▶ **WHAT NEEDS TO BE DONE**
For the data below, give again exactly the lines from the one containing "のインスタグラム：「・ 声優アイドル野球女子 長谷川玲奈さんの" through the one containing "Porsche 911 Carrera — Gloss wrap", both ends included, and no others.

▶ **RECORD SET**
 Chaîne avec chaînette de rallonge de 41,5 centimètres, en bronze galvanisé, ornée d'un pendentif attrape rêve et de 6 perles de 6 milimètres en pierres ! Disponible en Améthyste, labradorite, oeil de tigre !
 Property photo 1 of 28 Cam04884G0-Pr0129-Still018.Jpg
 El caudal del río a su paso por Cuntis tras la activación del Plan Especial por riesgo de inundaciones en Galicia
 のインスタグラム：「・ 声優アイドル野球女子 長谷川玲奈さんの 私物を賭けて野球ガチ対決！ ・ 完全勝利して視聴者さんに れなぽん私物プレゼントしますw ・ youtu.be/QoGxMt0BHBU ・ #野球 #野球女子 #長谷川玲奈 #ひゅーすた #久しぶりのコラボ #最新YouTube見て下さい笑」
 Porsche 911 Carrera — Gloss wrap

* * *

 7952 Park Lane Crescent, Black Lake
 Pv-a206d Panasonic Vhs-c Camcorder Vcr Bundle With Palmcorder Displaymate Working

* * *

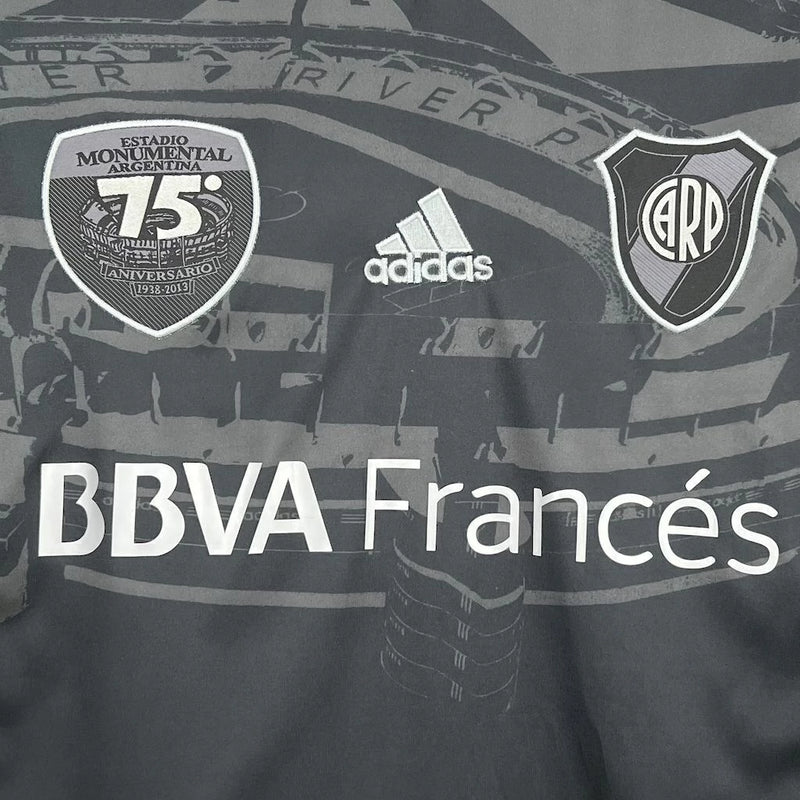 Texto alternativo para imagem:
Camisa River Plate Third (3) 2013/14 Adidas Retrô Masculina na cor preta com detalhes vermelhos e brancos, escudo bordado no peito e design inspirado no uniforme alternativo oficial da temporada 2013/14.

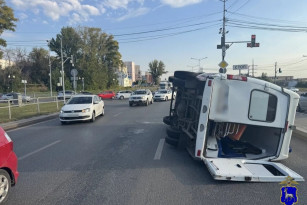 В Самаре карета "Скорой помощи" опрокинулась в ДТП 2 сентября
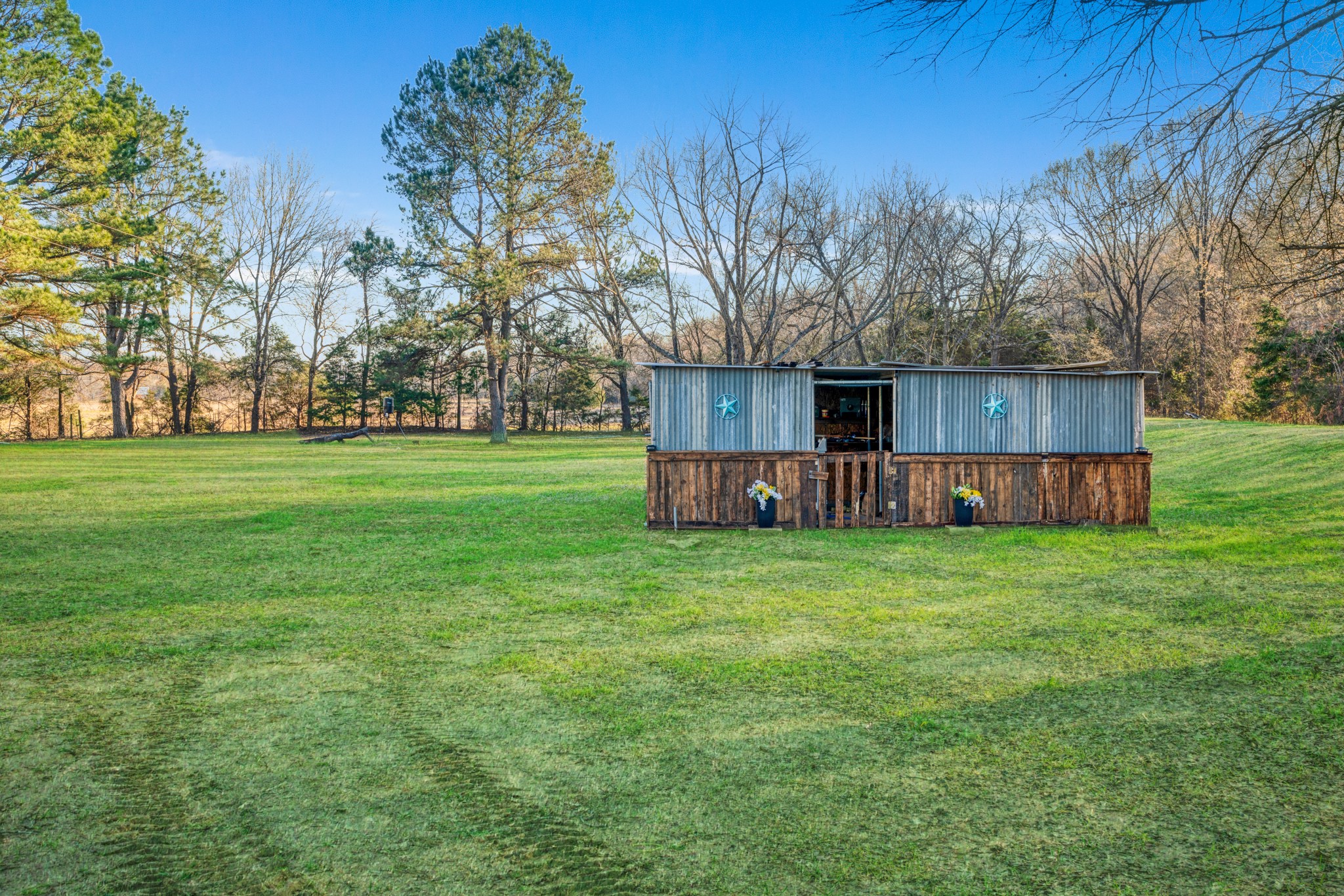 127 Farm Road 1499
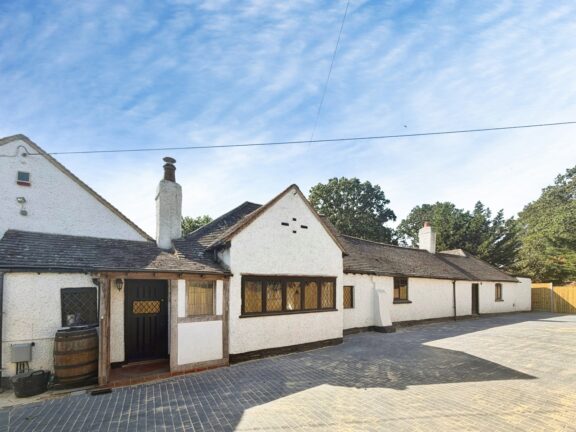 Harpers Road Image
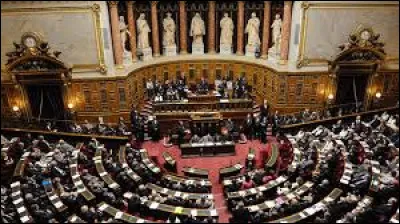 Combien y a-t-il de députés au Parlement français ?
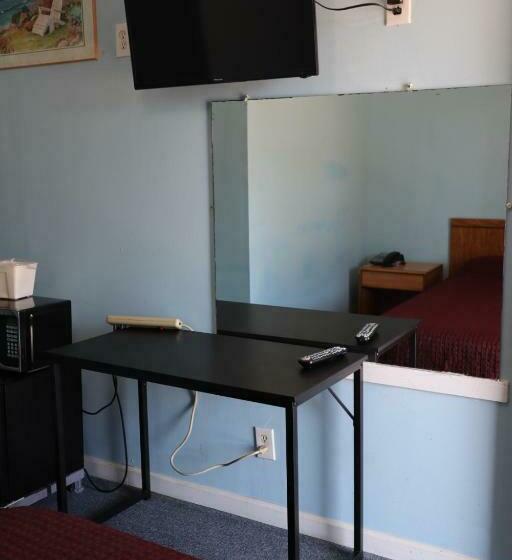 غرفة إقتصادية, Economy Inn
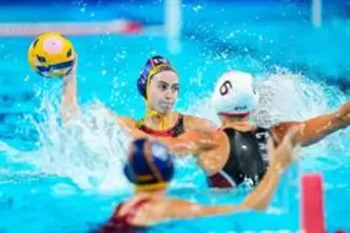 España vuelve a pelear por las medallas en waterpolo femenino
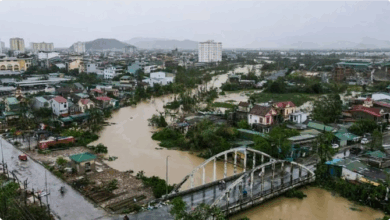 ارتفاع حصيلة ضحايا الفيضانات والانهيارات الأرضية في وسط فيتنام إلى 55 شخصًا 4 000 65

▶ **RESPONSE TO THIS TASK**
 のインスタグラム：「・ 声優アイドル野球女子 長谷川玲奈さんの 私物を賭けて野球ガチ対決！ ・ 完全勝利して視聴者さんに れなぽん私物プレゼントしますw ・ youtu.be/QoGxMt0BHBU ・ #野球 #野球女子 #長谷川玲奈 #ひゅーすた #久しぶりのコラボ #最新YouTube見て下さい笑」
 Porsche 911 Carrera — Gloss wrap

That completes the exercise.